PROVIDED DATA:
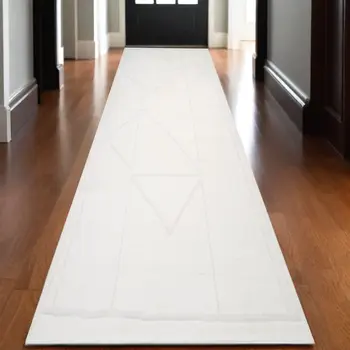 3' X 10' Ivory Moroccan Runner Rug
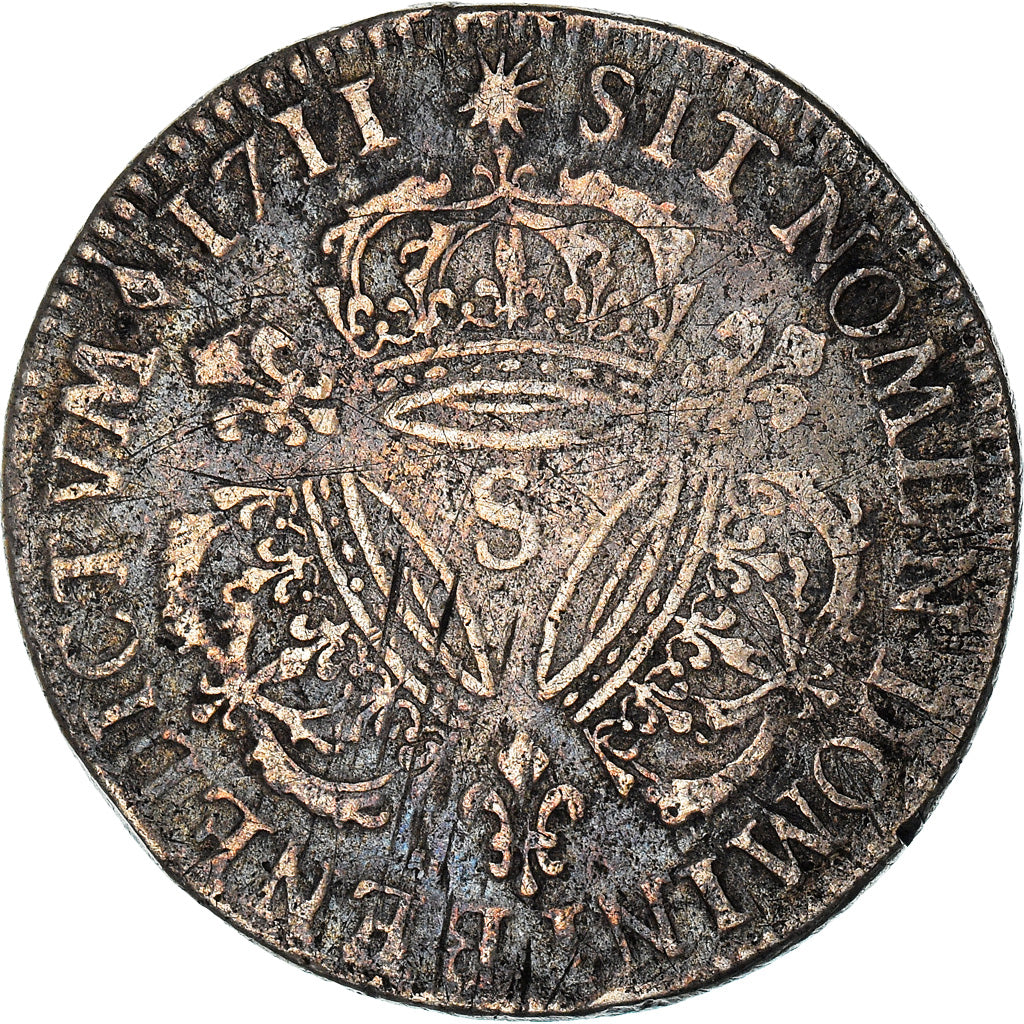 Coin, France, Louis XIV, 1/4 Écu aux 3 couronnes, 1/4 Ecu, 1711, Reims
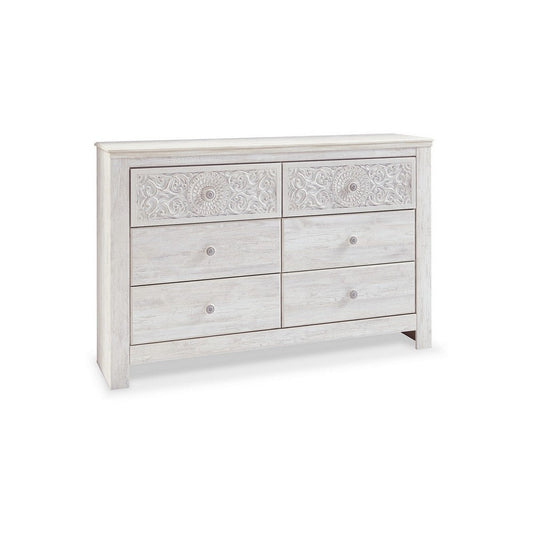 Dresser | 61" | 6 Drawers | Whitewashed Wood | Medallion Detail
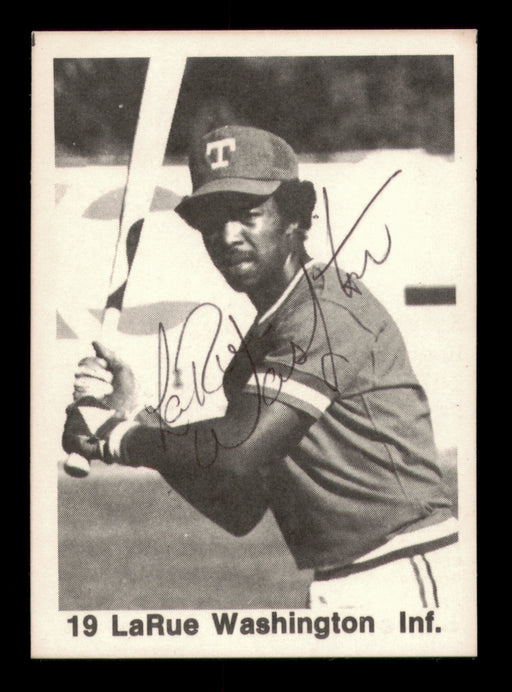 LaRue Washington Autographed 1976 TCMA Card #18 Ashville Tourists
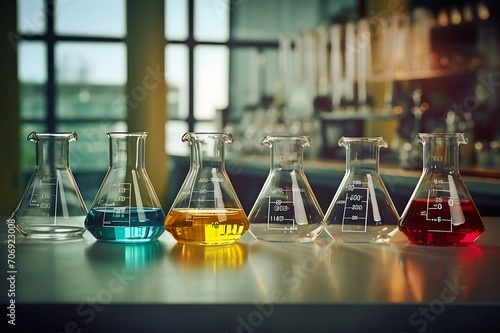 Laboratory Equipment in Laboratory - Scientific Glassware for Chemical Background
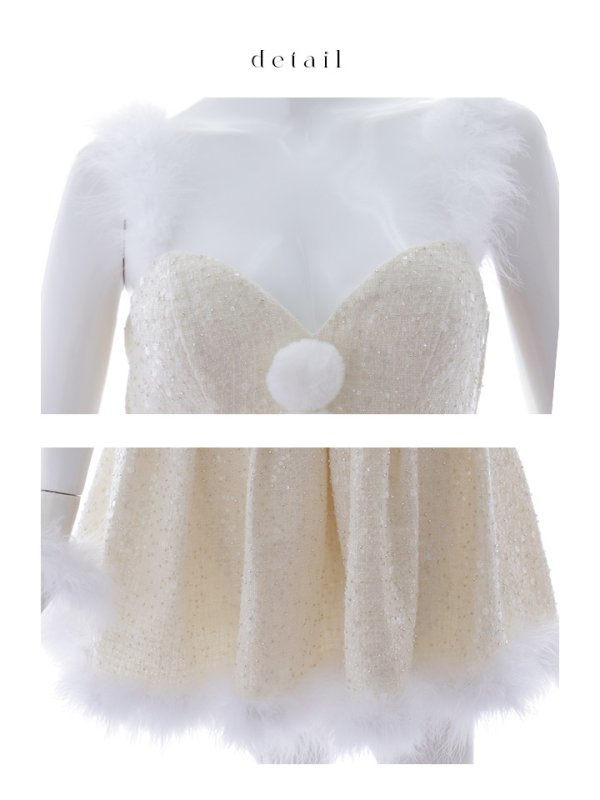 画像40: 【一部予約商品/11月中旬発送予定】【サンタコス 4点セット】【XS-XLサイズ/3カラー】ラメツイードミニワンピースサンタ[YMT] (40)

---

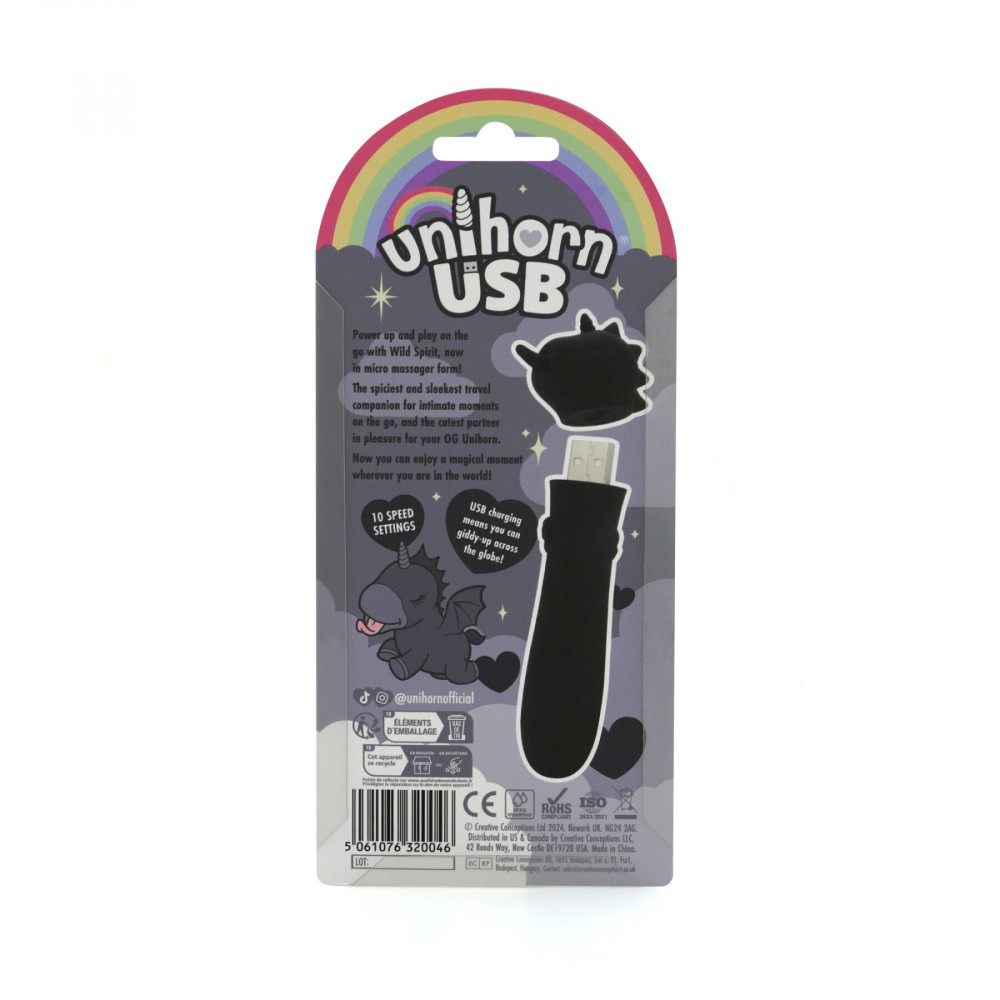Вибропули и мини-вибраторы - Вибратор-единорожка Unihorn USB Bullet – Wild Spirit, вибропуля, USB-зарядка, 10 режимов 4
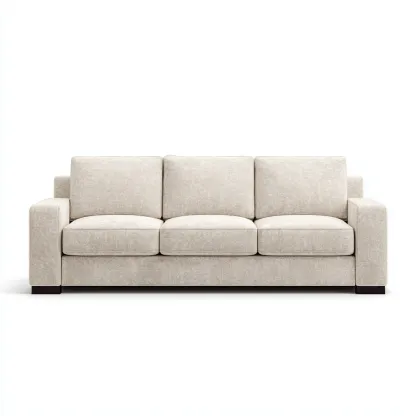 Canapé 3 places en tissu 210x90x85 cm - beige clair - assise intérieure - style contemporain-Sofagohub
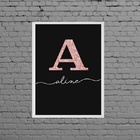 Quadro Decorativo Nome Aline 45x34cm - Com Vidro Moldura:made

==

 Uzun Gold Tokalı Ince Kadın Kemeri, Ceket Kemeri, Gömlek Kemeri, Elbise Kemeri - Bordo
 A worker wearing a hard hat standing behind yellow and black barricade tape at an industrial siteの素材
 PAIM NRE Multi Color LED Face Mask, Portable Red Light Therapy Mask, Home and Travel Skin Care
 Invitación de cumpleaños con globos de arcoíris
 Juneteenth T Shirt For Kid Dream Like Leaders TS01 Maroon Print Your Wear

WHAT YOU SHOULD DO:
Treat the line with "Canapé 3 places" as the start and the line with "Quadro Decorativo Nome" as the end, and return exactly that span of the data above, both ends included, without pictures.

TASK RESULT:
 Canapé 3 places en tissu 210x90x85 cm - beige clair - assise intérieure - style contemporain-Sofagohub
 Quadro Decorativo Nome Aline 45x34cm - Com Vidro Moldura:made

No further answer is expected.